Crawled caption data:
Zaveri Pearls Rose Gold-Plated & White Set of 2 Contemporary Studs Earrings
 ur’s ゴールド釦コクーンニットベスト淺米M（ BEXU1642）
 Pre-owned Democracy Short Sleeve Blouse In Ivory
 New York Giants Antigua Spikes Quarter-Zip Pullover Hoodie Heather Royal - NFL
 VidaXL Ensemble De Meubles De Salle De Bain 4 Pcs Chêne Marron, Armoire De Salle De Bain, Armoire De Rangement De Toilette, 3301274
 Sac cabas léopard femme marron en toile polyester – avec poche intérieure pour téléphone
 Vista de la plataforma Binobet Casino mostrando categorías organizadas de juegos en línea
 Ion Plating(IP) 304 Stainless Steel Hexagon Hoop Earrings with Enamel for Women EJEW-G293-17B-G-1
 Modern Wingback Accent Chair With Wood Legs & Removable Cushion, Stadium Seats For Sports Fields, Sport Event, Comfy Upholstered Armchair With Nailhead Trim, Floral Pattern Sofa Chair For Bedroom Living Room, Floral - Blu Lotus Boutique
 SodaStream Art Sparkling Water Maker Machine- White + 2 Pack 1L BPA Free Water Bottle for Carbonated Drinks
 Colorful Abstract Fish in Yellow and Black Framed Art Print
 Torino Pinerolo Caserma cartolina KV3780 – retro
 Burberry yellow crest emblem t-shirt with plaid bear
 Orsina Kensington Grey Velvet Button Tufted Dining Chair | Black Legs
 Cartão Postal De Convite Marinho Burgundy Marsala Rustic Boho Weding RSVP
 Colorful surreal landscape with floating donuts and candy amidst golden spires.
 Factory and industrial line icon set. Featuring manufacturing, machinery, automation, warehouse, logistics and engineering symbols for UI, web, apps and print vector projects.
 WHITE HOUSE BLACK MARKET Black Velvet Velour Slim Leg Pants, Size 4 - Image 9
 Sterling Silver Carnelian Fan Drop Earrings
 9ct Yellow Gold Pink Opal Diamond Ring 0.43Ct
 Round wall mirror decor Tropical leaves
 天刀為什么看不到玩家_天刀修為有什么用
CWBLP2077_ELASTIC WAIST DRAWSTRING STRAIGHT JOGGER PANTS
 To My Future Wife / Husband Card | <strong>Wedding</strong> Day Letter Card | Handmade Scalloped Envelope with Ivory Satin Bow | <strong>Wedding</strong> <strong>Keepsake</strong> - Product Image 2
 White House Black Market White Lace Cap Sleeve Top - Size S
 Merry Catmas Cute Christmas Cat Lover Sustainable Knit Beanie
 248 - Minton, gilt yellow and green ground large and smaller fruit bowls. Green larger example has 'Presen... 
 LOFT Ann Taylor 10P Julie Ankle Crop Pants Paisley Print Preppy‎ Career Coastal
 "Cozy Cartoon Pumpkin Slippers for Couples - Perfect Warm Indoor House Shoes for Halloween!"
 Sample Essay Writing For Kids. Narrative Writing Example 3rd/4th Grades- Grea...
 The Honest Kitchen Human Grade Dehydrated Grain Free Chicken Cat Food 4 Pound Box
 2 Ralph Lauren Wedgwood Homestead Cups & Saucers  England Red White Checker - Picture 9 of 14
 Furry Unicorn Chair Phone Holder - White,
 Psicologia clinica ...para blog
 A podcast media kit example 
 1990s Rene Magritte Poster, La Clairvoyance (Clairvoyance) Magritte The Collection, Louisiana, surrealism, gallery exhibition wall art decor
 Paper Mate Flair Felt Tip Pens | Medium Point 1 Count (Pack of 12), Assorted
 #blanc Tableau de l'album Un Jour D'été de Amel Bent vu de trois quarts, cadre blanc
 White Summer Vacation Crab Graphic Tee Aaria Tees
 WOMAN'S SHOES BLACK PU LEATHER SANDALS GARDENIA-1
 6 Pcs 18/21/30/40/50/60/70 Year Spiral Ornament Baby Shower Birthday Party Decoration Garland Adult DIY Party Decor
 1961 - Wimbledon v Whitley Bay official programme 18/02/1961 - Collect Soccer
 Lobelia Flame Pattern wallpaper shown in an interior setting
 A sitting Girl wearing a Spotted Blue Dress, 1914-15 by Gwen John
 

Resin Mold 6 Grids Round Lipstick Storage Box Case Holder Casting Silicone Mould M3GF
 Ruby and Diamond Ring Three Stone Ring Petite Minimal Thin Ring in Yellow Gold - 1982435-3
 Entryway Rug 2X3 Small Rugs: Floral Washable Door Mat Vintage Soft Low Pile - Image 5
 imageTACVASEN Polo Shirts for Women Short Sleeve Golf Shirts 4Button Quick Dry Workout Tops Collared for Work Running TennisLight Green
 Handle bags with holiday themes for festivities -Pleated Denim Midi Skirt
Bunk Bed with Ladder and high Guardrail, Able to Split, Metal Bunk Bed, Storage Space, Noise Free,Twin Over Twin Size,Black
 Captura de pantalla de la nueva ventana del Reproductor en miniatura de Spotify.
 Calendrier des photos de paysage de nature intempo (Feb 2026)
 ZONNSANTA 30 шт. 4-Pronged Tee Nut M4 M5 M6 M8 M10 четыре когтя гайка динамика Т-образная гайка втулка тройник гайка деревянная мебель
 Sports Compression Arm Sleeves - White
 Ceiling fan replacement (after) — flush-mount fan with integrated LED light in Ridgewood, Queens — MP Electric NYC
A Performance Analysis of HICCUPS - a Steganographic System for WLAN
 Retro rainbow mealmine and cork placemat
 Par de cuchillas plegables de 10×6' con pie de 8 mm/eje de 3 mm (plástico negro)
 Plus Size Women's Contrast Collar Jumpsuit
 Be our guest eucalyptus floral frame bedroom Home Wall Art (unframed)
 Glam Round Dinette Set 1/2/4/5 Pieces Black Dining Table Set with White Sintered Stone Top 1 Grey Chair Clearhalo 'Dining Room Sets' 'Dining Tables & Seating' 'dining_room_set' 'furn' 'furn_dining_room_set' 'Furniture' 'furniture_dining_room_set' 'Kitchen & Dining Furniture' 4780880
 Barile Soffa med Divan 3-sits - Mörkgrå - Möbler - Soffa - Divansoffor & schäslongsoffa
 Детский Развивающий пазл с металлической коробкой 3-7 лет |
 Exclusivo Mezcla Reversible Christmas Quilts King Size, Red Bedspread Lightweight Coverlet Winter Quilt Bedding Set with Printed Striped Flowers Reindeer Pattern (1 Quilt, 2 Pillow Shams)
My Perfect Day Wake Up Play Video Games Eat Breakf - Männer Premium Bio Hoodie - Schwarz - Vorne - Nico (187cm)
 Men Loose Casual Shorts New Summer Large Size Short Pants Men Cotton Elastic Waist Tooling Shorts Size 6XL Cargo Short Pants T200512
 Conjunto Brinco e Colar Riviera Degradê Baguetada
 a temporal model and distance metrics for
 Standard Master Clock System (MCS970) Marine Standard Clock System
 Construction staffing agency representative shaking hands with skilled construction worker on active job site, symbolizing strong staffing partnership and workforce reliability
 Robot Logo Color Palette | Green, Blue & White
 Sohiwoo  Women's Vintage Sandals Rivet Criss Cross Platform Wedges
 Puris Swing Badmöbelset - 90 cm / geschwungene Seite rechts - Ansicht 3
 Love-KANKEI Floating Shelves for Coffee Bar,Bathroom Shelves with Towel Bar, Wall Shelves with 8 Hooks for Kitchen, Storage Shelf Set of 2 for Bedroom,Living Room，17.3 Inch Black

Task statement
Taking the line with "To My Future" as the first and the line with "Merry Catmas Cute" as the last, retype that stretch of the data above exactly, with no other lines.

Solution for this exercise
 To My Future Wife / Husband Card | <strong>Wedding</strong> Day Letter Card | Handmade Scalloped Envelope with Ivory Satin Bow | <strong>Wedding</strong> <strong>Keepsake</strong> - Product Image 2
 White House Black Market White Lace Cap Sleeve Top - Size S
 Merry Catmas Cute Christmas Cat Lover Sustainable Knit Beanie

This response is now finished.